Azambuja MMO, de Santana NNM, Morais PLAG
… +5 more, Vasiljevic GAM, Cavalcante JS, Bhagwandin A, Cavalcanti JRLP, Engelberth RC
Front Neuroanat
· 2026 · PMID 41883691
·
Full text
Given a convergence of evidence indicating age-related vulnerability in nuclei associated with basal ganglia circuits, understanding the pattern of normal aging in non-human primates is essential for basic and applied re...Given a convergence of evidence indicating age-related vulnerability in nuclei associated with basal ganglia circuits, understanding the pattern of normal aging in non-human primates is essential for basic and applied research.
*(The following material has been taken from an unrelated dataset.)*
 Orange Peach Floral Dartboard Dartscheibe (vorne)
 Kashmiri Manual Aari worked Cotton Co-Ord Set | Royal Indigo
To address this, we examined the age-dependent vulnerability of dopaminergic cells in the substantia nigra pars compacta (SNpc) and ventral tegmental area (VTA) of marmoset through morphoquantitative analysis of cytoarchitecture. Thus, we selected brain tissue from adult and aged marmosets processed for tyrosine hydroxylase (TH) immunohistochemistry. We estimated regional volume and counted TH-immunopositive (TH) neurons in the SNpc and VTA. Statistical comparisons used permutation tests and Spearman's tests to analyze differences between age groups. Although Spearman's correlation test showed a negative correlation between regional volume and age and between TH cell number and age, no significant differences were found in either the permutation test or Spearman's correlation for TH + neuronal number and for regional volume between the age groups for both nuclei. We concluded that aging in marmosets does not lead to significant loss of dopaminergic neurons or measurable volumetric reduction in the SNpc or VTA. Our results highlight the importance of understanding physiological aging in contrast to models characterized by structural degeneration, such as those found in pathological conditions. Understanding, in a promising experimental model as marmoset, the pattern of vulnerability and resilience of dopaminergic regions fills gaps in the literature and opens avenues for understanding molecular and functional changes related to aging.